Kaelin returned to Rangeley for a time before moving to Farmington, then to Madrid about eight years ago. Having retired back in Connecticut, he “wanted something to do, I couldn’t just stay home.”

The ad he came across in the newspaper nine or ten years ago seemed like just the thing. The Phillips Transfer Station was looking for someone to work four days a week.

“That’s a good job,” he decided, and he’s been there ever since.

Besides his work at the dump, Kailen also enjoys watching NASCAR on the weekends.

“That’s all I watch on weekends,” he confessed, also saying that he roots for the cars more than the drivers, his favorites being the Fords. Although, he did mention the young Logano, driver of the No. 22 Team Penske Ford.

Kailen’s love of cars was born when he was just six, living in Jackman and traveling to St. George in Canada with his grandfather, “a taxi driver with a heavy foot”, every weekend, weather permitting, to watch the races.

“If (the weather) was nice,” Kaelin remembered, “He’d call up, say, ‘Yep, we’re racing!’ He’d pick me up and we were off to the races.”

He still enjoys hunting, deer and birds, though he doesn’t go out as much as he once did. He won his first .22 bolt action rifle from a 50-cent “punchboard ticket”, which his father bought for him at Wing’s Store in Madrid way back in the ’40s. He’s always had dogs, the last three being poodles. His current canine is named Pudgy, “after I girl I used to know”.

AND, he’s learning to fly!

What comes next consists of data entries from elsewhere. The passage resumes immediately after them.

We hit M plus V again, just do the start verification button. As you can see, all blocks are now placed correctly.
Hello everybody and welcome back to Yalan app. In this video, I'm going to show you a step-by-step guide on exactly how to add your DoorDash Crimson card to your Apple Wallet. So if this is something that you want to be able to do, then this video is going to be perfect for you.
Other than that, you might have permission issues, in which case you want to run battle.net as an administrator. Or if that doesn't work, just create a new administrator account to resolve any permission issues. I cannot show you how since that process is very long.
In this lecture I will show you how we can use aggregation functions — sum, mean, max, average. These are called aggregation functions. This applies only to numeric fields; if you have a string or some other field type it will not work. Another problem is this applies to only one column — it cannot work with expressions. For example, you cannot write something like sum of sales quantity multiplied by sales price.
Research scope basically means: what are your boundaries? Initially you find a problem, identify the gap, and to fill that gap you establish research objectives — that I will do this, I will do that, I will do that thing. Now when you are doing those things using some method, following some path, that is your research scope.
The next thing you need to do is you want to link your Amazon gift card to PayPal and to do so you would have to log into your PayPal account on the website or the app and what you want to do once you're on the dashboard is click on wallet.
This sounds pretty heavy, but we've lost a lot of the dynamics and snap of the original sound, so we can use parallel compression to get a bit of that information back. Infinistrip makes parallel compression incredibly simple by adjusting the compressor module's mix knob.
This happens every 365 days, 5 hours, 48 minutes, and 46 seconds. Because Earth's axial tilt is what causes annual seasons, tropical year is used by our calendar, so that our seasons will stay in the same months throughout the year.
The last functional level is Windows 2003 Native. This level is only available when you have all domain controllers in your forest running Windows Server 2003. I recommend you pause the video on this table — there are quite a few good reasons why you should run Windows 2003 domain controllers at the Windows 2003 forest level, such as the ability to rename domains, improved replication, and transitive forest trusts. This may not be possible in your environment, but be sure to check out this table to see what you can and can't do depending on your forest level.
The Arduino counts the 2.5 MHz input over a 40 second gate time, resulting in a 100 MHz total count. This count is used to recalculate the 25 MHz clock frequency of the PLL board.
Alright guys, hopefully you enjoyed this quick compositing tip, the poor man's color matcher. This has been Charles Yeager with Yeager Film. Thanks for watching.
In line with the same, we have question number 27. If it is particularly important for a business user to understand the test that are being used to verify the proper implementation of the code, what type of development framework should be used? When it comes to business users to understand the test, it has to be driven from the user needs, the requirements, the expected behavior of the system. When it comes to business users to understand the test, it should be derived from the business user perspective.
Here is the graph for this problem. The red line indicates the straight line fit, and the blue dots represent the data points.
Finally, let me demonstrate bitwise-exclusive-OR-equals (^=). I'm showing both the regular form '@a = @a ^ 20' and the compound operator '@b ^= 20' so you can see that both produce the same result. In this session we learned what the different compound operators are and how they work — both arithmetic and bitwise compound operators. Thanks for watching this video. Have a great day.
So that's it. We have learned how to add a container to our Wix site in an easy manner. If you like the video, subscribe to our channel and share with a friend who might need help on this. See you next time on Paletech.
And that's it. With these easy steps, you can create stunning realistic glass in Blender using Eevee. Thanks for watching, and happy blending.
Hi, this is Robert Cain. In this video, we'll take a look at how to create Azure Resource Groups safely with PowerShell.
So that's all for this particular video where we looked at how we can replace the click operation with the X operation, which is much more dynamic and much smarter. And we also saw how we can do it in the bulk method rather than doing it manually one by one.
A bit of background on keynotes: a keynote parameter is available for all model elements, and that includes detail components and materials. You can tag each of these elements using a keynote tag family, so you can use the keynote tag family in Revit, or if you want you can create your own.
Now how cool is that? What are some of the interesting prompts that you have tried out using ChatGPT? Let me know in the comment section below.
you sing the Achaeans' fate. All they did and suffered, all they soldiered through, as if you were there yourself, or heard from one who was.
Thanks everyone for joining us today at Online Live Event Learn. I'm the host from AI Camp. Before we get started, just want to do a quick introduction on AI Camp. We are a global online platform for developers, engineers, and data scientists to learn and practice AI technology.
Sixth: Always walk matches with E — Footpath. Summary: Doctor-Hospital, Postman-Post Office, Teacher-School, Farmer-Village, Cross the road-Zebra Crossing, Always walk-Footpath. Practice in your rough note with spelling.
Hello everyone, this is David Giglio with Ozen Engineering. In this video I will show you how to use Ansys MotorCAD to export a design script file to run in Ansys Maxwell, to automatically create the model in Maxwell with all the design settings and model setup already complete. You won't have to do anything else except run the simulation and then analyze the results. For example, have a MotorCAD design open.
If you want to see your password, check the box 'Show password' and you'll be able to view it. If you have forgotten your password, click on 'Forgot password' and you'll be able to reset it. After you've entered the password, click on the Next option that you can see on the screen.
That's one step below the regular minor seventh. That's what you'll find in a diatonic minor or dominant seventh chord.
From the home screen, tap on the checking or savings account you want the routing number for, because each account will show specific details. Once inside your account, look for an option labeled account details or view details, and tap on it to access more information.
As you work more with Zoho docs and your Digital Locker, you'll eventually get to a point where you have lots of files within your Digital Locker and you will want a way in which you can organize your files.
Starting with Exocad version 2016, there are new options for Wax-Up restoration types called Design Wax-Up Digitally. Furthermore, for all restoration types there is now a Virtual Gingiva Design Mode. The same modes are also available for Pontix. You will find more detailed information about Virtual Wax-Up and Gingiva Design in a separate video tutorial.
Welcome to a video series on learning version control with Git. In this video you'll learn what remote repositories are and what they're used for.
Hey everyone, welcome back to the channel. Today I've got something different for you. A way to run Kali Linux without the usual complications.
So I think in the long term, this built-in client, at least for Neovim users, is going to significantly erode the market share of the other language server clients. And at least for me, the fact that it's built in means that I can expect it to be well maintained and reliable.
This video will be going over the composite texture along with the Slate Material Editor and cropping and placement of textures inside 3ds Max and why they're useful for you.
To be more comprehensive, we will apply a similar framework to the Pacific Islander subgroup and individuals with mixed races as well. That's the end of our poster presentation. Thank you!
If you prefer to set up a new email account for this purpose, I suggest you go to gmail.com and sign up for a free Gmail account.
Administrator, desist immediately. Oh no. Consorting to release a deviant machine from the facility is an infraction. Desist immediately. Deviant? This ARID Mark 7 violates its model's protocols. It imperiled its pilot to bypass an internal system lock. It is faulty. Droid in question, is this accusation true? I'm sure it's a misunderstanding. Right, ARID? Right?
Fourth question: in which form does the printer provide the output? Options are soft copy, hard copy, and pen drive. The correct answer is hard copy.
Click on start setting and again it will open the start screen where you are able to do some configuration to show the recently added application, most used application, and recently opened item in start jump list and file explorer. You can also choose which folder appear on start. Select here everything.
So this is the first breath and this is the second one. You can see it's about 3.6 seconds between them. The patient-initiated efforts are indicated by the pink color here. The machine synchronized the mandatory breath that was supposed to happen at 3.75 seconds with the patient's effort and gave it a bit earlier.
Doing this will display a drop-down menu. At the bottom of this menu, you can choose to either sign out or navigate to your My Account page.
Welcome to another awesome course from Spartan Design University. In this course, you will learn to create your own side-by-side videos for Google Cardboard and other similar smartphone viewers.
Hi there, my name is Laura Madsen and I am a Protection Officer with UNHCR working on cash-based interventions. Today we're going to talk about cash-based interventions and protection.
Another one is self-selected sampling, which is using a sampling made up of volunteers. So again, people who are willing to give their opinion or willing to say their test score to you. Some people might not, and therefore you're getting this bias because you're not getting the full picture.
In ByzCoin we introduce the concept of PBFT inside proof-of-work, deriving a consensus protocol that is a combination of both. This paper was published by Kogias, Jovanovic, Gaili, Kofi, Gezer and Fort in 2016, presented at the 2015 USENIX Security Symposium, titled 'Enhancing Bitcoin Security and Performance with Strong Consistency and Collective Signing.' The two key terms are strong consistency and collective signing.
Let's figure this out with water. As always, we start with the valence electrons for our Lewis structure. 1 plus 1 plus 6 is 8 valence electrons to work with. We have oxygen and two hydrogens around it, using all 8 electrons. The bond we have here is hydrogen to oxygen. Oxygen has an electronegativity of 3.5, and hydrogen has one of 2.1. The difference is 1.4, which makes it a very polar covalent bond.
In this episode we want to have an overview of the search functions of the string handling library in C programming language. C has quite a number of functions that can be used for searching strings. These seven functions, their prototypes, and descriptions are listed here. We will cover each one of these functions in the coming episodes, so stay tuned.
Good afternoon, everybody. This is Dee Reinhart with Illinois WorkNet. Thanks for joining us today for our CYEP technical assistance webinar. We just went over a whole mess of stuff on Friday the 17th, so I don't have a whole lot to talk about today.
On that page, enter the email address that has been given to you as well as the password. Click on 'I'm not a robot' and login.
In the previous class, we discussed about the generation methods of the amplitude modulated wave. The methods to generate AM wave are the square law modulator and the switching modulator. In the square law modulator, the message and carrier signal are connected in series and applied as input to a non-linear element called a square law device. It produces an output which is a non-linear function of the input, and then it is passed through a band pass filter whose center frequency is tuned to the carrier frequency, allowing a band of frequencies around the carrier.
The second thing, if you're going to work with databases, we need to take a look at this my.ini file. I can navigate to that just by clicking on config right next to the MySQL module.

At Lindbergh Airport in Avon, home of the Sandy River Flying Club.

“Every time I get a chance, when they go up, I go up with them…they let me fly the (club’s) plane.”

Of course, Kailen also has a fast car – a Firebird – and a truck that boasts the slogan “Giddy Up Go”, which was his CB handle back in the day as well as the nickname by which his co-workers once called him, and the motto “I’d rather be flying”.